**Task to complete:**
Each entry below should be returned exactly as is, with the pictures removed.

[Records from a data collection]

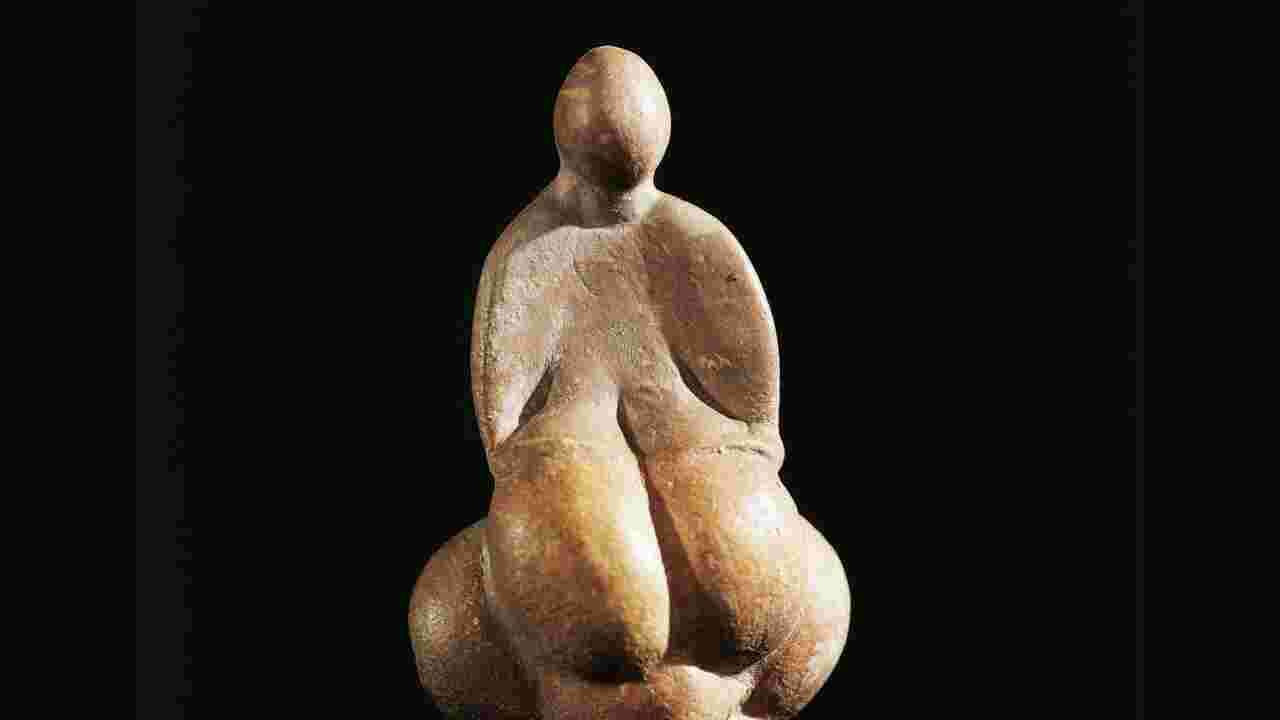 D'une vénus de 27000 ans aux peintures de Lascaux, les arts de la Préhistoire s'exposent dans un musée à Paris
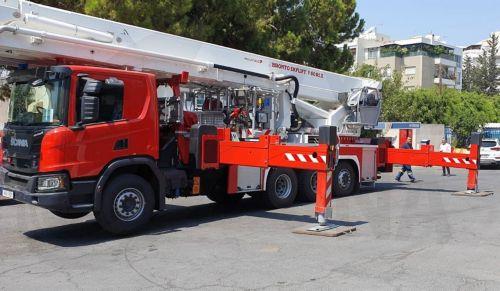 Πυρκαγιές σε αυτοκίνητα και αποθήκη στη Λεμεσό, απεγκλωβισμός τραυματία στην Πάφο από Πυροσβεστική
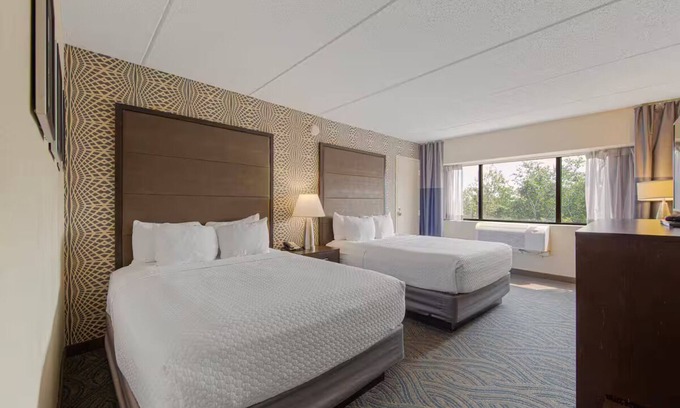 South Loop Apartment | Amenity Rich Double Queen Suite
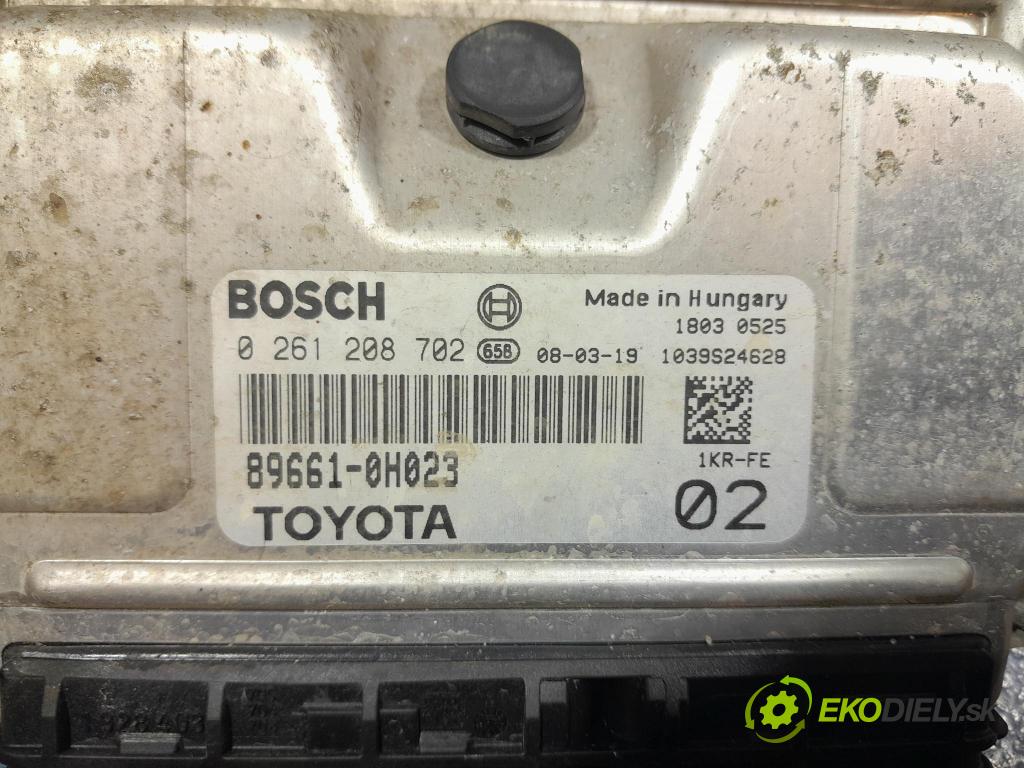 Toyota Aygo 2008 riadiaca jednotka Motor: 89661-0H023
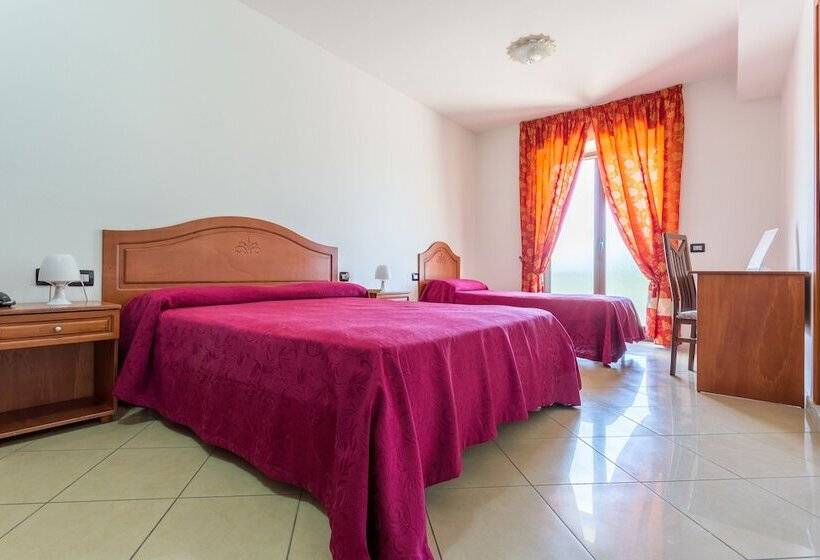 Standard Triple Room, Futuro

**Expected answer:**
 D'une vénus de 27000 ans aux peintures de Lascaux, les arts de la Préhistoire s'exposent dans un musée à Paris
 Πυρκαγιές σε αυτοκίνητα και αποθήκη στη Λεμεσό, απεγκλωβισμός τραυματία στην Πάφο από Πυροσβεστική
 South Loop Apartment | Amenity Rich Double Queen Suite
 Toyota Aygo 2008 riadiaca jednotka Motor: 89661-0H023
 Standard Triple Room, Futuro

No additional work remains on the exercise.